(Records for processing)

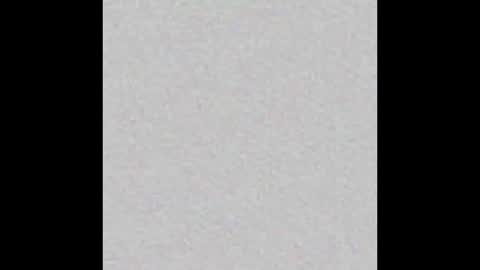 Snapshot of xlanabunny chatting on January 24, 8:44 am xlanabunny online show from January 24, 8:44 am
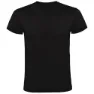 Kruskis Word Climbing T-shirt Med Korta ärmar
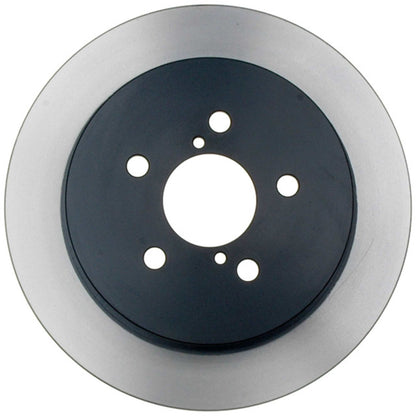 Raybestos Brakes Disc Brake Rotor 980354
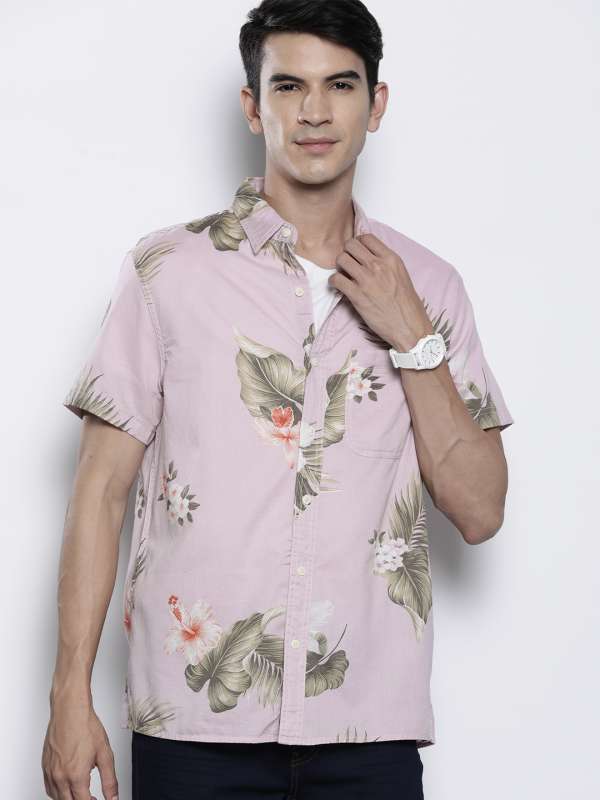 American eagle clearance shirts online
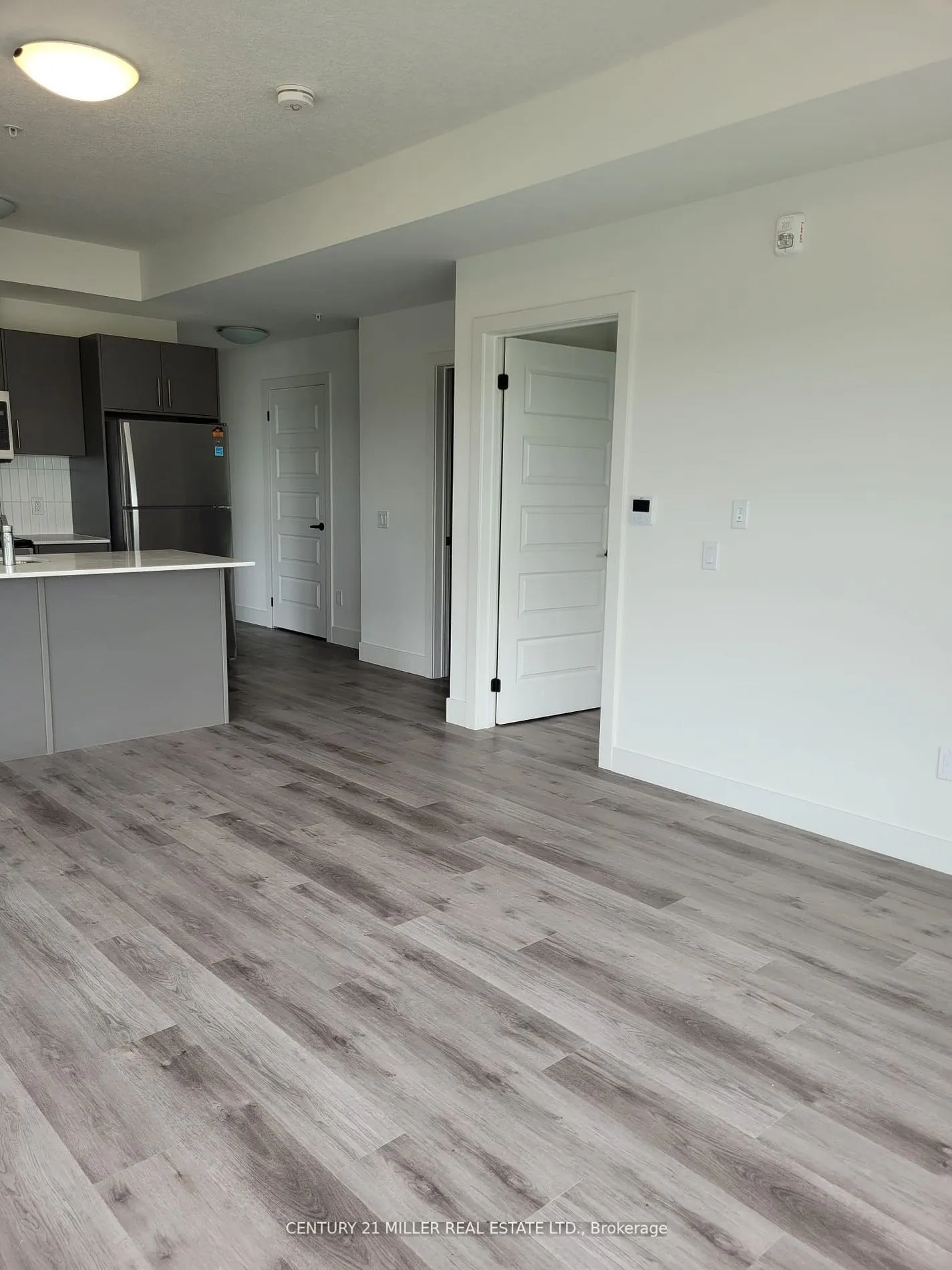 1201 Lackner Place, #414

(End Records for processing)
(Records for processing)

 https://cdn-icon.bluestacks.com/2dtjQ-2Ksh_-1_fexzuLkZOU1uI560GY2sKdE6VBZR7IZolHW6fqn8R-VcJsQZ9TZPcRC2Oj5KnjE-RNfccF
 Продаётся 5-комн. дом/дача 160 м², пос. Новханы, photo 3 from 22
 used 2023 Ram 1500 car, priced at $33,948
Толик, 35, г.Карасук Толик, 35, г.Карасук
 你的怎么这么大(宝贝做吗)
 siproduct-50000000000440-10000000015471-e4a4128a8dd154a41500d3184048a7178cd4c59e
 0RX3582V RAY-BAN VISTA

(End Records for processing)

Exercise goal | Copy only the lines above from the one containing "Snapshot of xlanabunny" through the one containing "1201 Lackner Place, #414", both included. Leave out the pictures.

Response area |
 Snapshot of xlanabunny chatting on January 24, 8:44 am xlanabunny online show from January 24, 8:44 am
 Kruskis Word Climbing T-shirt Med Korta ärmar
 Raybestos Brakes Disc Brake Rotor 980354
 American eagle clearance shirts online
 1201 Lackner Place, #414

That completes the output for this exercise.